Connect Notebooks to Snowflake
You can use any Python-supported notebook software to explore feature values and create training datasets with Tecton on Snowflake. Jupyter is recommended.
Configuration Steps​
Authenticate your Tecton user​
Log in as your Tecton user in the shell where the notebook will be launched from:
tecton login
This will configure your local Python environment which will be used by the notebook so that you can run commands in the notebook while authenticated as your user.

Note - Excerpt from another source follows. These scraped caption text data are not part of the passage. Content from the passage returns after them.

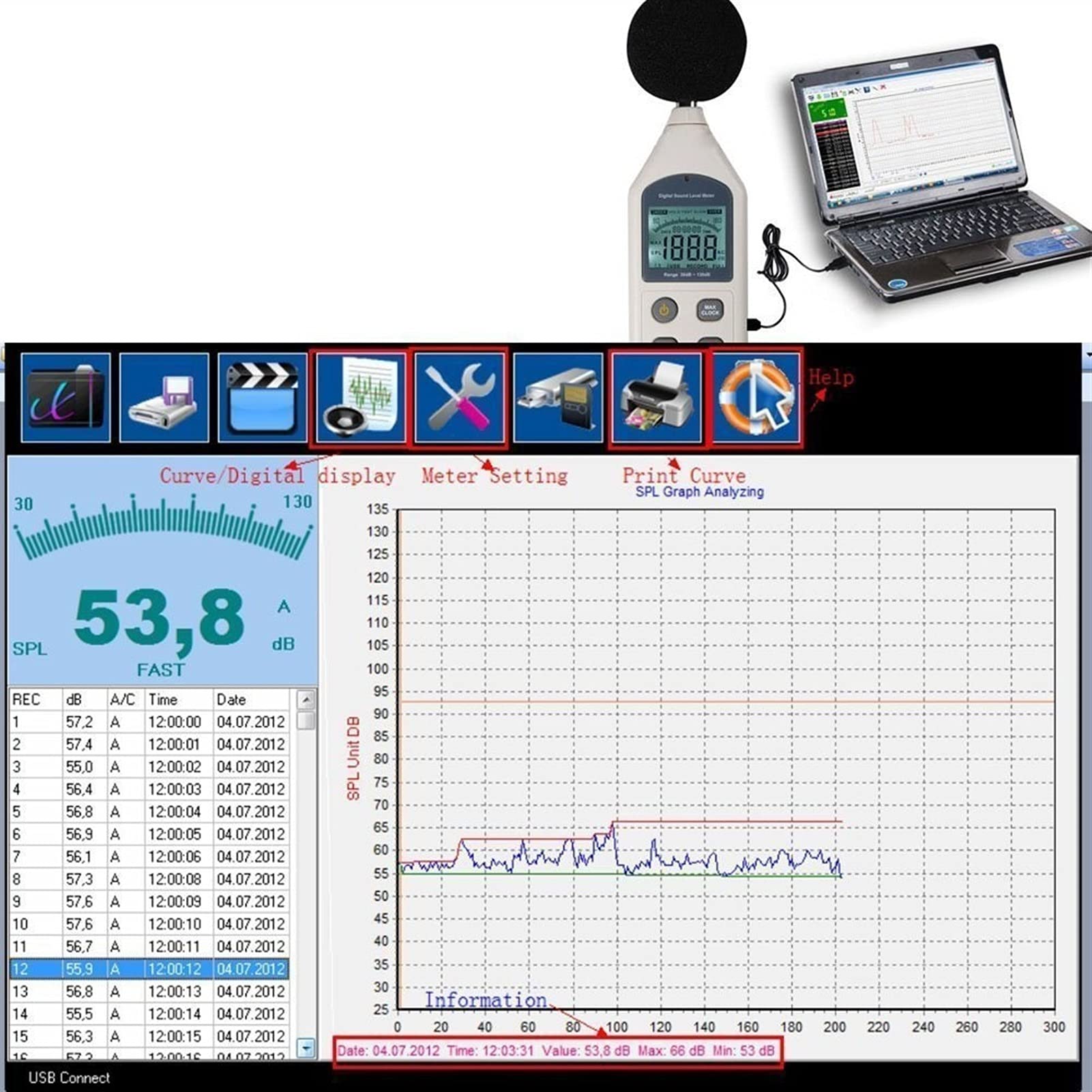 Medidor de Nivel de Sonido Digital Medidor de Ruido Nivel Sonido USB Decibel Mano Datos Meter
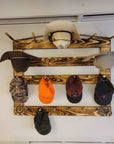 6 Cowboy Hat Rack | Cowboy Hat Holder |  with 13 Gimmee Cap pegs | Rustic Western Hat Display | Handcrafted Wooden Organizer | Space-Saving Home Decor | Made in USA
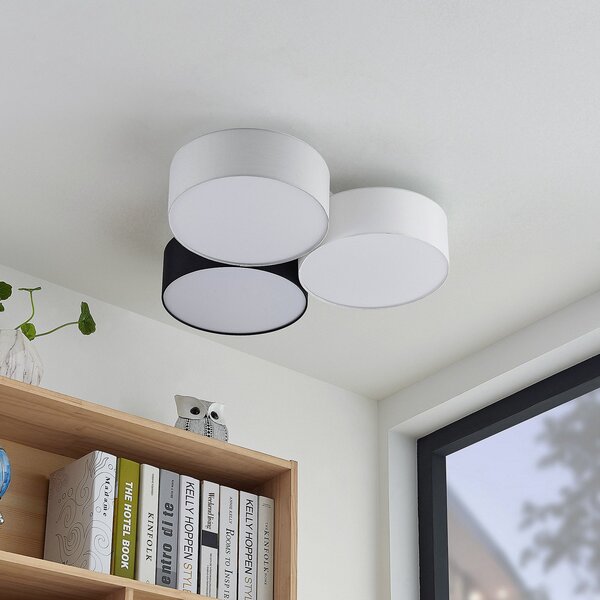 Stropné Lampa Lindby, Janita, stmievateľné, Viacfarebná, Obývacia izba, Tkanina / Textil, Moderný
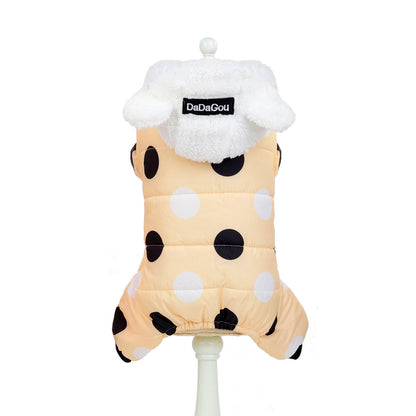 Warm Cotton Four-Legged Pet Coat Polka Dot Design for Winter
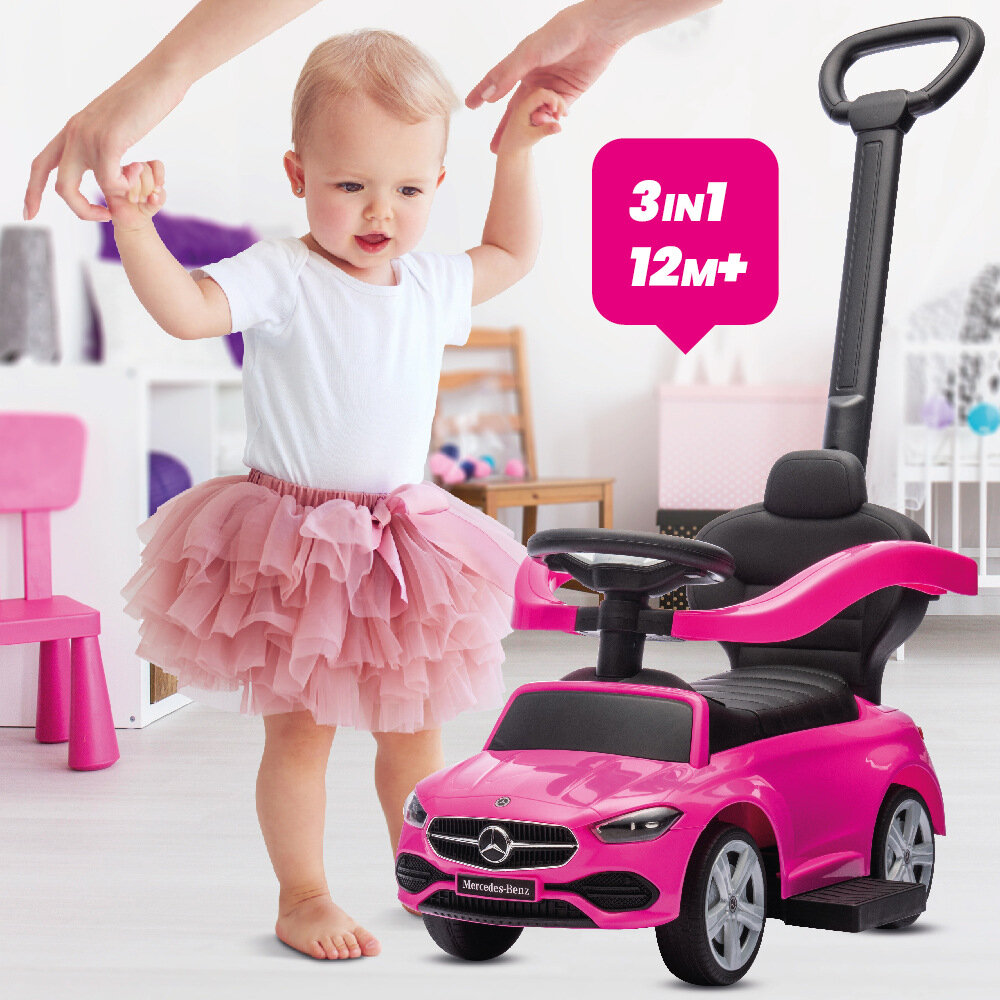 Jeździk SUN BABY Mercedes C-Class J05.040.0.5 Różowy radosc zabawa bezpieczenstwo rozwoj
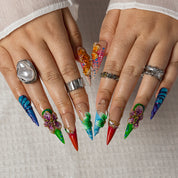 Citrus Orchid STLO0009 press-on nails hand model scene view 2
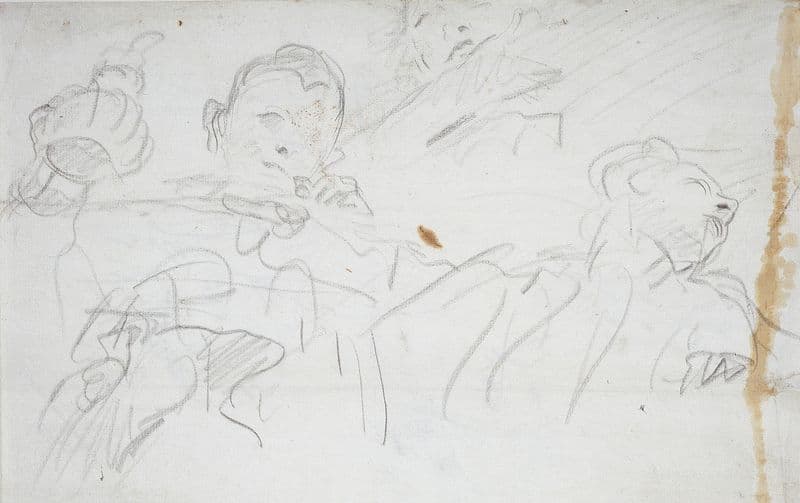 Studienblatt; drei Figuren und ein Arm (ca. 1740 – 1745) as a canvas print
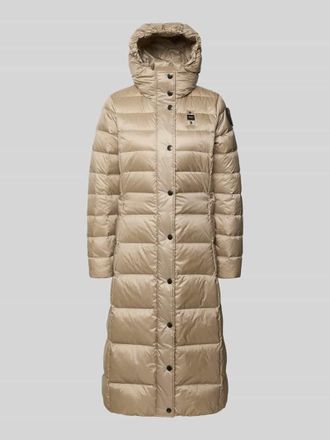 Blauer Daunenmantel mit Kapuze Modell ANITA in Beige, Gr&ouml;&szlig;e XS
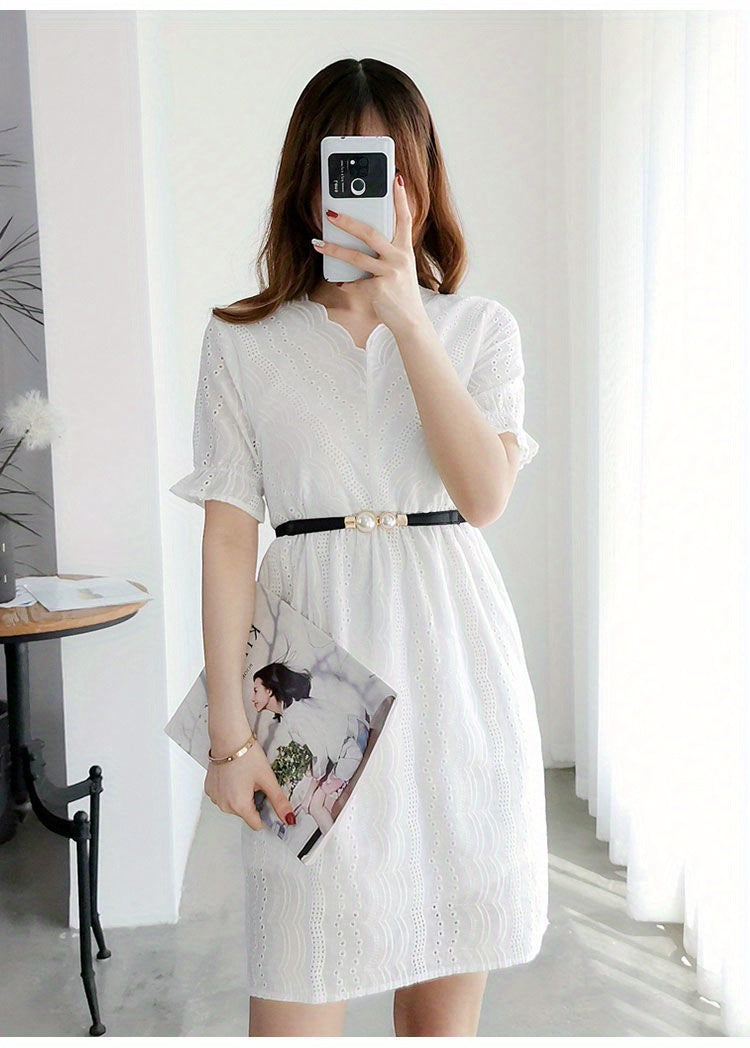 Faux Pearl Elastic Thin Belt, Women's Decoration For Dress, Fashion Simple Women's Buckle Thin Belt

Configure your notebook to use a supported Python version​
If you are defining transformations using @transformation mode="snowpark"
,
your notebook must use Python 3.8. Otherwise, your notebook can use Python 3.8
or 3.9.
If you are using Jupyter, you can use a notebook with a specific Python version by following these steps:
-
Install the
ipykernel
package in the root directory of your Python installing using the command:sudo <root directory of the version to install>/pip install ipykernel
-
Make sure you have run
tecton login
(see previous section). -
Run
jupyter notebook
to start the notebook server and open the UI in your browser. Then gotoKernel | Change Kernel
and select the Python version. -
If you want to use Snowpark
DataFrame
s in a notebook, install Snowpark in the notebook, as follows:pip install snowflake-snowpark-python
For an example of using a Snowpark DataFrame
in a notebook, see
Constructing Training Data Using a Notebook.
Connect to Snowflake​
Run the following commands in your notebook to connect to Snowflake.
# Import Tecton and other libraries
import logging
import os
import tecton
import pandas as pd
import snowflake.connector
from datetime import datetime, timedelta
from pprint import pprint
# The following two lines log only warnings to the console. To log all events to the console, remove the two lines.
logging.getLogger('snowflake.connector').setLevel(logging.WARNING)
logging.getLogger('snowflake.snowpark').setLevel(logging.WARNING)
# connection_parameters assumes the Snowflake connection credentials are stored in the environment
# variables `SNOWFLAKE_USER`,`SNOWFLAKE_PASSWORD` and `SNOWFLAKE_ACCOUNT`.
# Uncomment the "authenticator" parameter below, only if authenticating through a browser.
# If the "authenticator" parameter is included, do not include the password parameter below.
connection_parameters = {
# "authenticator": "externalbrowser",
"user": os.environ['SNOWFLAKE_USER'], # Your username in the Snowflake account that you're using with Tecton
"password": os.environ['SNOWFLAKE_PASSWORD'], # Your password in the Snowflake account that you're using with Tecton. Not needed if using the authenticator parameter above.
"account": os.environ['SNOWFLAKE_ACCOUNT'], # The Snowflake account you're using with Tecton (takes the form \<SNOWFLAKE_ACCOUNT\>.snowflakecomputing.com
"warehouse": "TRIAL_WAREHOUSE",
# Database and schema are required to create various temporary objects by tecton
"database": "TECTON",
"schema": "PUBLIC"
}
conn = snowflake.connector.connect(**connection_parameters)
tecton.snowflake_context.set_connection(conn) # Tecton will use this Snowflake connection for all interactive queries
# Quick helper function to query snowflake from a notebook
# Make sure to replace with the appropriate connection details for your own account
def query_snowflake(query):
df = conn.cursor().execute(query).fetch_pandas_all()
return df
# Set the compute mode to snowflake
tecton.conf.set("TECTON_COMPUTE_MODE", "snowflake")
tecton.version.summary()
If the commands above are successful, tecton.version.summary()
will return the
version number and other information.